There was no anger in her voice. Only resolve.

A pause stretched between them.

"Then we stand openly," he said.

His statement went live within the hour. Brief. Controlled. Unapologetic.

The response was immediate. Polarizing. Unavoidable.

And Gu Anqi's name no longer belonged to the margins.

Xu Ruyan watched the coverage with measured interest.

"So she chose visibility," she murmured, stirring her tea.

Her assistant hesitated. "Should we respond?"

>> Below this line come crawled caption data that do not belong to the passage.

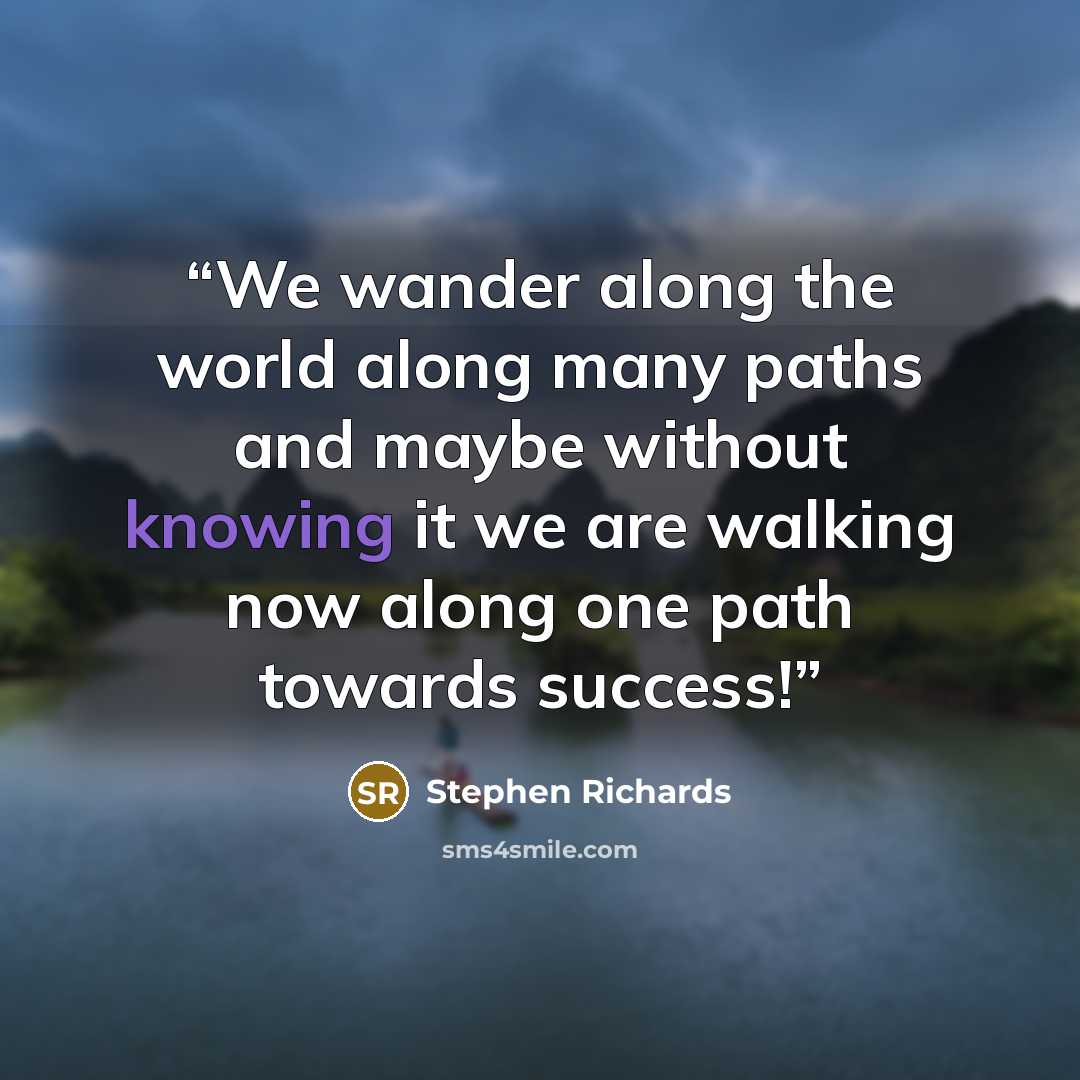 “We wander along the world along many paths and maybe without knowing it we are walking now along one path towards success!” quote by Stephen Richards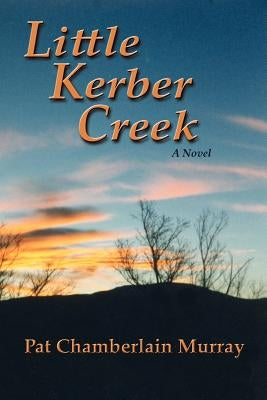 Little Kerber Creek by Murray, Pat Chamberlain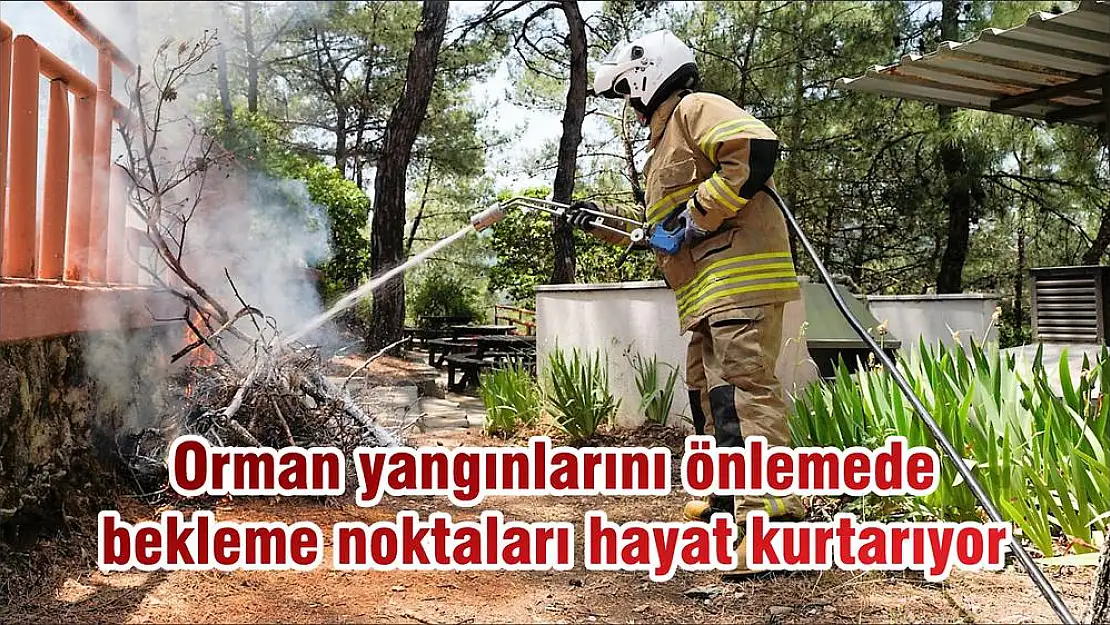 Orman yangınlarını önlemede bekleme noktaları hayat kurtarıyor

"Not yet," Ruyan replied. "Let her feel steady."

She smiled faintly. "Confidence makes people careless."

That night, Anqi stood on the balcony, city air cool against her skin. Shen Zhi joined her without a word, close enough that she felt his presence before she saw him.

"I'm not backing out," she said.

"I know."

"I'm scared," she admitted. "But I don't feel wrong."

"That matters more than comfort," he replied.

She turned toward him. "If this costs you…"

"It was already costing me something to remain untouched," he said.

The honesty startled her.

They stood close, not touching, the space between them charged and deliberate.

The gala was coming.

The world was watching.

And for the first time, Gu Anqi wasn't shrinking from it.